Sezione: Disagio ed emarginazione

La storica locandina di uno degli eventi Yoshin Ryu al Ferrante AportiAll’interno dell’Istituto Ferrante Aporti di Torino la pratica del Jutaijutsu è proseguita per oltre 15 anni.
Le difficoltà e le incomprensioni dei primi tempi, di coloro che accusarono la Scuola di voler “insegnare a picchiare i delinquenti” sono state nel tempo superate. Studiosi di tutta Europa hanno guardato con interesse a questa esperienza e, cosa che più conta, alcuni giovani ex-detenuti, perfettamente inseriti nella società e conseguito il grado di Istruttori, sono diventati i perni attorno a cui si è retta la continuazione del progetto: sono tornati insomma, in quel carcere che li aveva visti come reclusi per avviare altri giovani sulla strada che ha favorito il loro recupero.
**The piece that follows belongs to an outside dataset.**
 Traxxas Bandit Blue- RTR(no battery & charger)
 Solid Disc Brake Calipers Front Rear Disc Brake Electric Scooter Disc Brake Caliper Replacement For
I giovani che hanno trovato nel Jutaijutsu una “strada” per ricominciare, un’occasione per ridefinire la loro scala di valori, per attingere a nuovi modelli comportamentali basati sul rifiuto della violenza, sulla sicurezza priva di arroganza, sull’umiltà scevra da servilismo, sul senso della responsabilità, sulla disciplina e sulla meritocrazia, sul confronto “alla pari” con gli altri. D’altra parte i praticanti della Yoshin Ryu che hanno operato nel carcere hanno avuto modo di conoscere direttamente e di meglio comprendere la realtà di un “disagio” diffuso e di trarre da questa esperienza motivo di accresciuta maturità.